As we celebrate our 200th issue, Cross Country is all about people dreaming, planning and doing, whether it’s top-landing Aconcagua or ridge-soaring the local dunes. Whether you’ve been reading since the first issue in spring 1988, or you’ve just started flying, keep aiming high. It’s what we do!
“As I made my approach to land at around 6,500m, my eyes were attracted by a yellow-brown mass – a faded mountain jacket washed out by the sun. It was the body of a perfectly preserved climber, a reminder that here, there was no outside help.” No one had ever flown over 6,963m Aconcagua, the highest point in the Americas – until Antoine Girard did just that this February. He tells us his incredible story.
“So how do you get people to wake up and understand what’s going on with climate change? We wanted to take pictures of glaciers in the most carbon neutral way, which meant not renting a helicopter, and flying over them under a paraglider instead.” Documentary film producer and pilot Malcolm Wood reveals how free flight is helping him tell the story of Earth’s disappearing glaciers.
“In the northern hemisphere, a five-day forecast is now as good as a three-day forecast from the 1980s. Even more impressive is the fact that a southern hemisphere seven-day forecast is also now as good as a 1980s three-day one.” Cross Country’s resident meteorologist Honza Rejmanek looks at the great leaps forward that are making weather forecasting an ever more exact science.
“At 4,100m, the ridge ended and we had to cross to the Matterhorn with only the power of the engine. But the views were incredible, with all the glaciers and lakes stretched out below us. In the distance, we could see Mont Blanc. In fact, we could see 300km.” Two decades ago, Adi Geisegger dreamt of flying over the Matterhorn. This April. He finally managed it.

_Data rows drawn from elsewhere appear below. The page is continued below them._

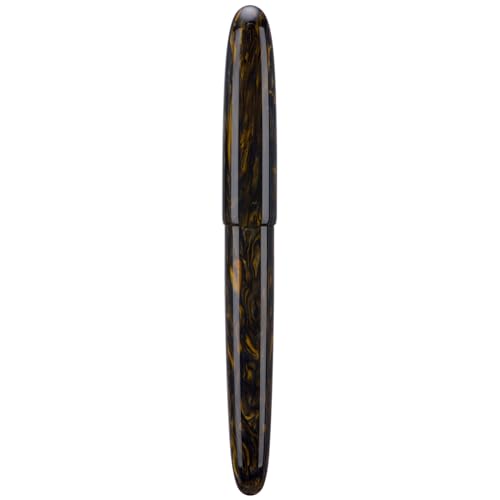 Asvine C80 Fountain Pen #8 Stub 1.1mm Nib Large Handcraft Calligraphy Art Drawing Pen with Converter Pen Case Collection Set (Brown Gold) - color: Brown Gold, style: Stub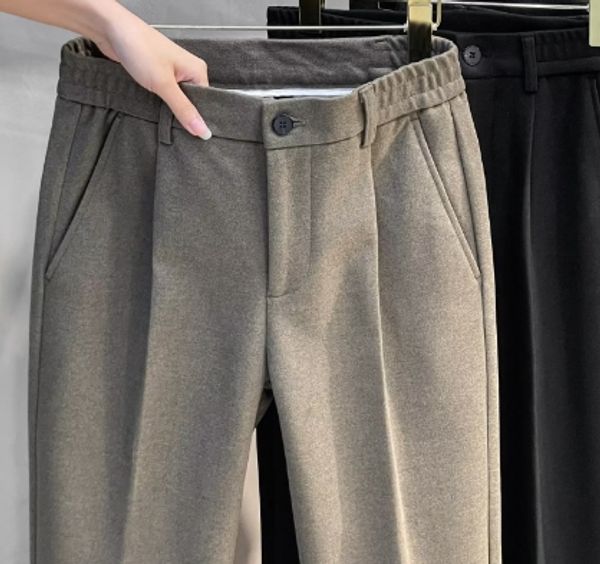 James™ elastische taille warme wollen slanke herenpantalon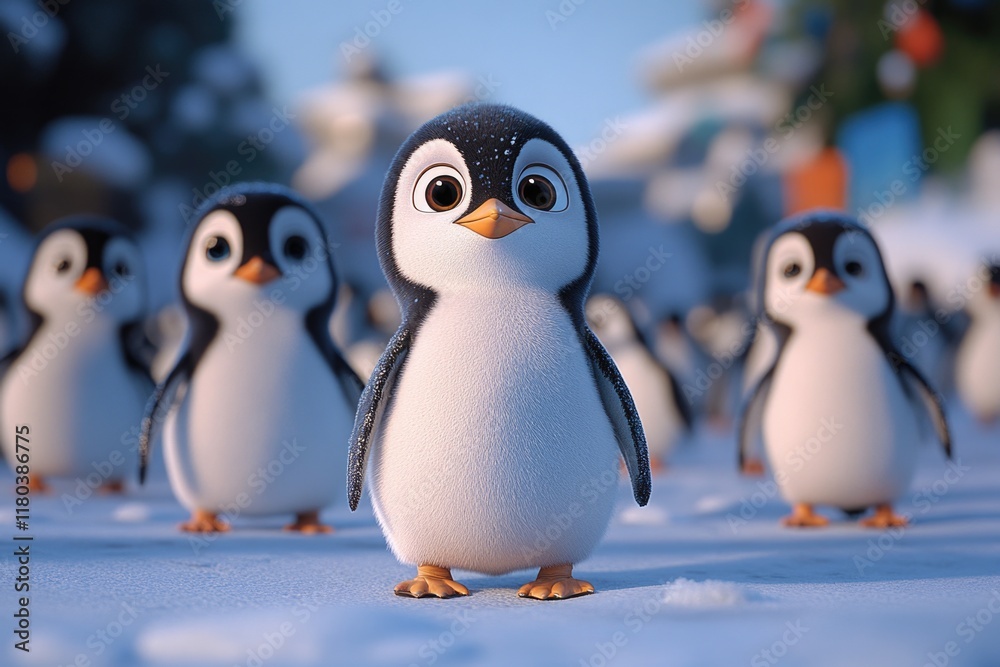 Naklejka premium A group of penguins standing together in snowy landscape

“There are more restrictions around than you might think. In addition to all the fancy-coloured shapes and symbols on air maps, practically all countries are covered by layers of controlled airspace, which affect free-flight pilots.” Flying close to airspace can be tricky – but help is at hand. Stefan Ungemach unravels the puzzle and explains all you need to know.

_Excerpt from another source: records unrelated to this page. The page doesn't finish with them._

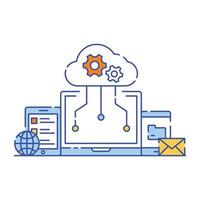 Database server flat illustration design, graphical representation vector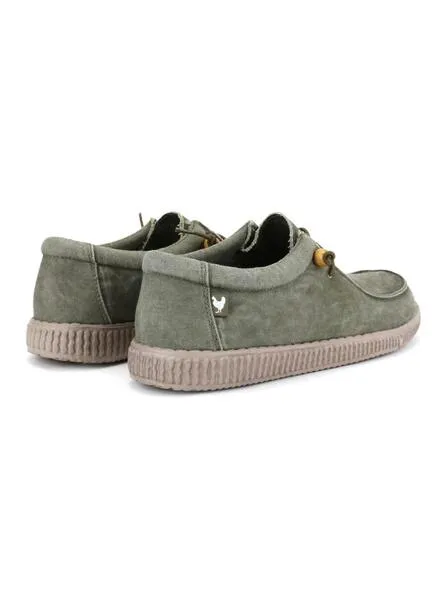 Zapatos Walkin Pitas WP150 Wallabi Washed verdes para hombre 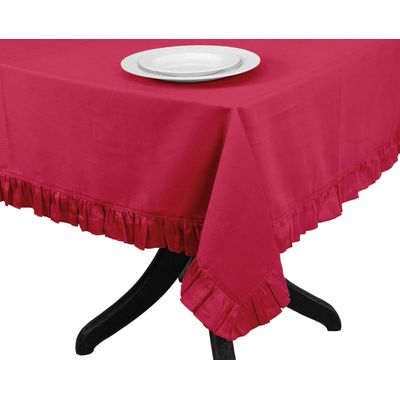 Toalha de Mesa Redonda com Babados de Algodão Lisa para Cozinha e Jantar, Decorativa, Rosa - Vargottam 387,1 Cm × 774,19 Cm – Retangular / Rosa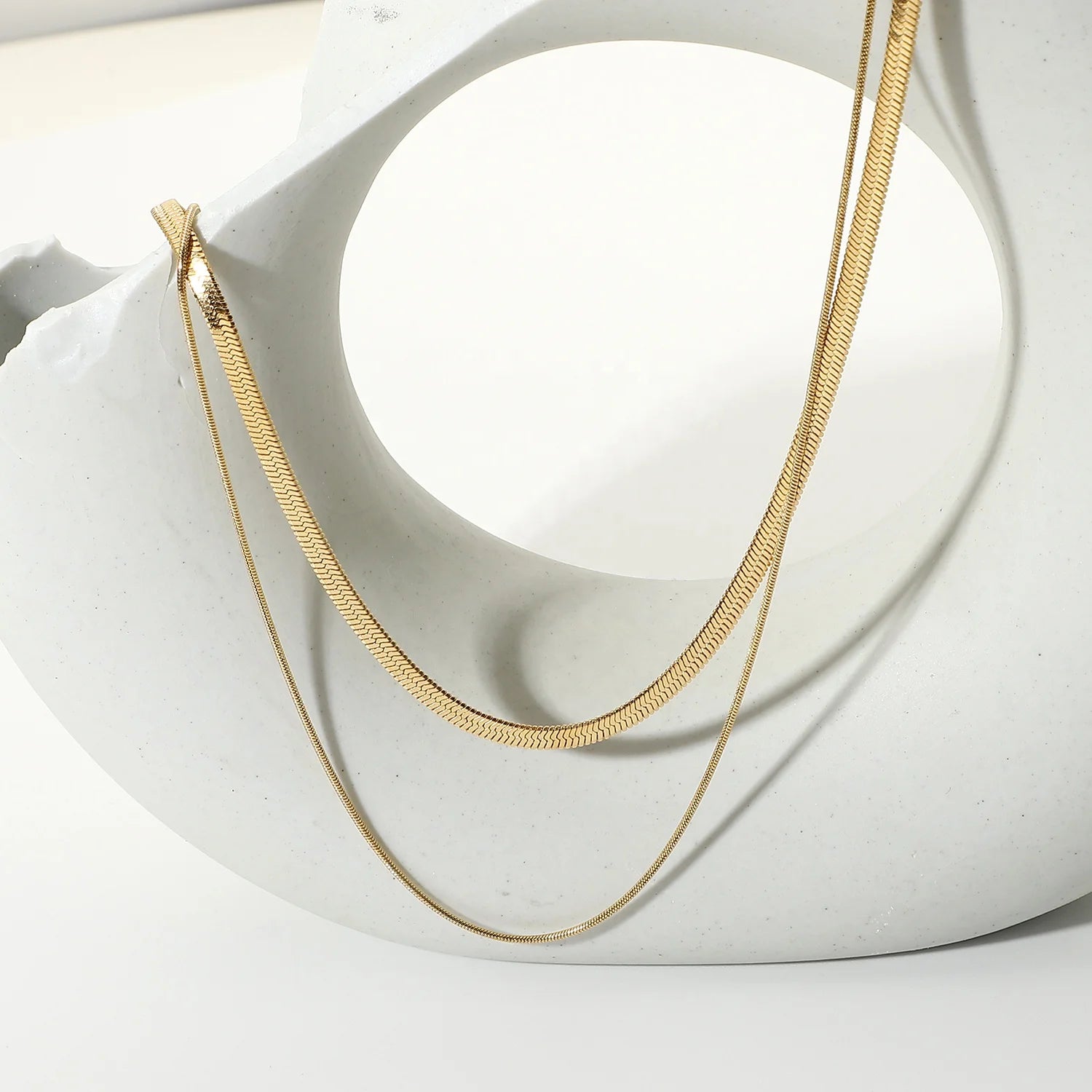 18K Gold Plated Double Layered Stainless Steel Snake Chain Choker Necklaces for Women Punk Style Geometric Link for Anniversary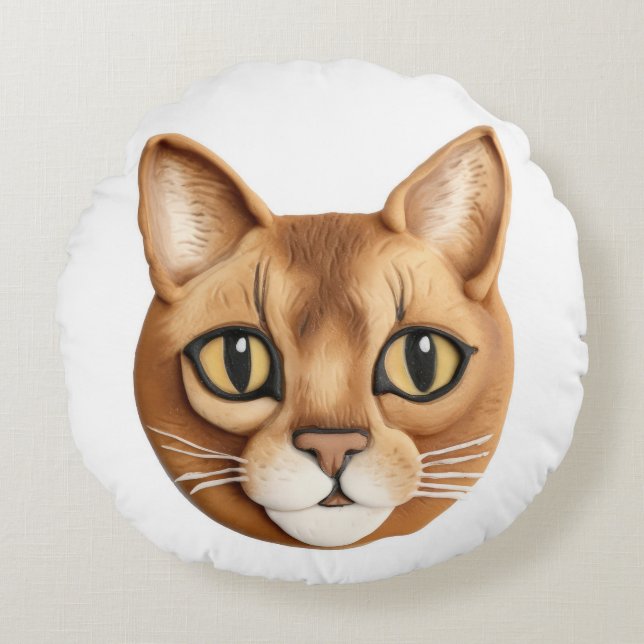 Coussins Ronds Chat Abyssin Inspiré 3D (Devant)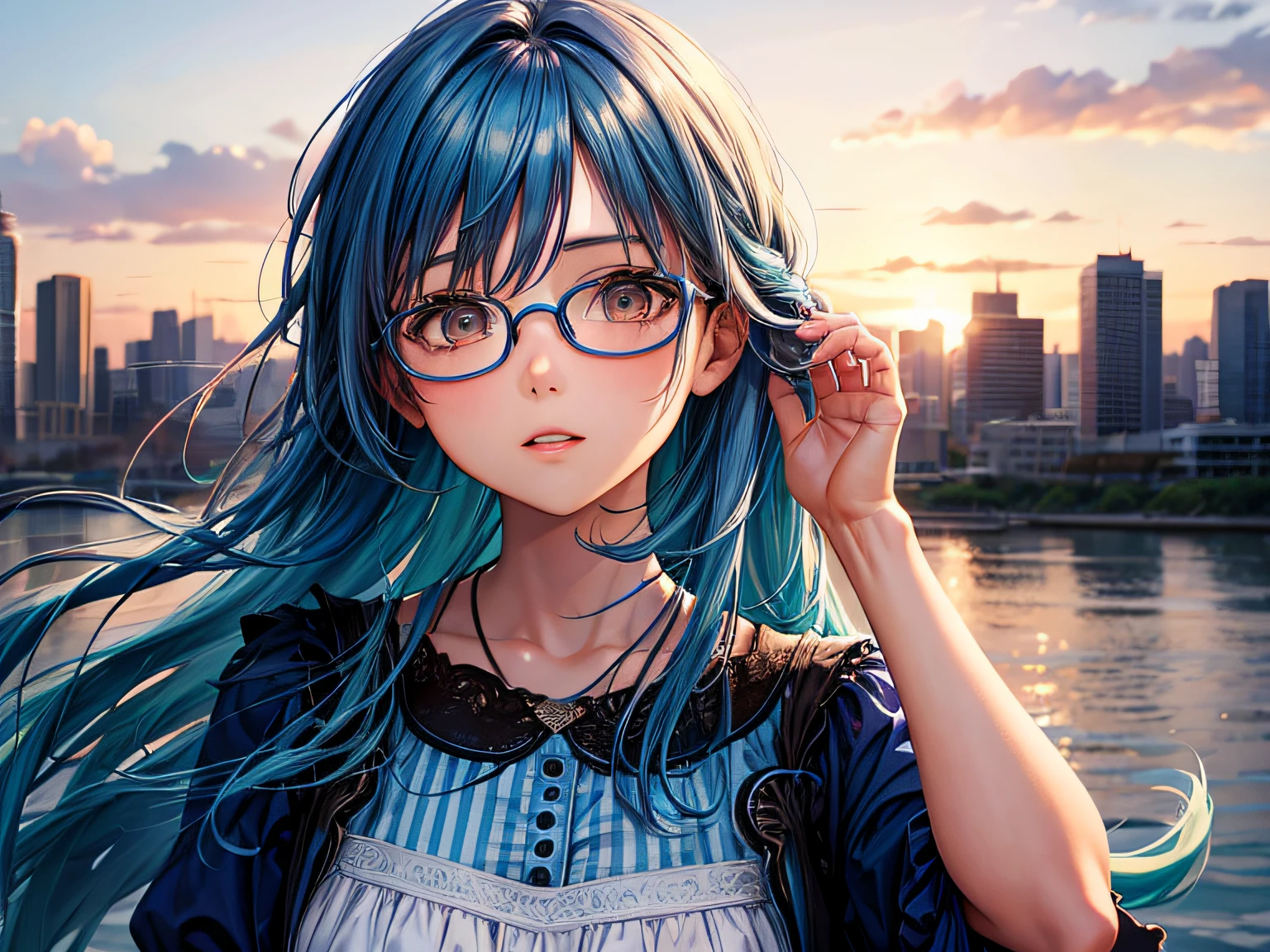 cabelos azuis, 1girl, retrato, vestir, cidade costeira, glasses, olhos castanhos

“I’ve sometimes got a friend to rest a spirit level on the underside of the pod, to ensure it is exactly horizontal. By all means ‘sit up’ with your back and head quite upright, like you’re in an office chair, but do try and get your legs level.” Thinking of moving into a pod harness? Three of our expert reviewers share their top tips for finding yourself the perfect fit.
“My friends and I have been flying together for 30 years and I suspect we’ll still be getting together in 20 more, to laugh, share a few beers and fly. The weather doesn’t always play ball here, but that just makes it more special when it does.” Veteran pilot Mads Syndergaard has flown in some of the world’s most spectacular aerial playgrounds – but sometimes nothing beats the quiet coastline of his native Denmark.
“My one piece of advice for students? Do it seriously. Of course, you must have fun – but focus on developing your skills and consider carefully everything you do. Always have a plan.” As he prepares for the Red Bull X-Alps, Marko Hrgetic talks the rush of competition flying and training for the world’s toughest adventure race.
“The final two turnpoints of the task were set out on the flats in classic Chelan conditions, with plenty of +7m/s climbs, and the mighty, almost psychedelic, dust devils that define this unique flatland flying experience.” 50-something comp pilot, James “Kiwi” Johnson, returns with the latest yarn from his Magical Mystery Tour attempt to reach the 2019 FAI World Championships in Macedonia.
“I am expecting the next revolution any day now – and paragliders will probably hate it. Those with long memories will recall how sailplane pilots hated hang gliders, and hang gliders hated paragliders. I’m sure the future will bring similar sentiments.” Bruce Goldsmith ponders the fast evolving future of accessible personal flight – jetpack, anyone?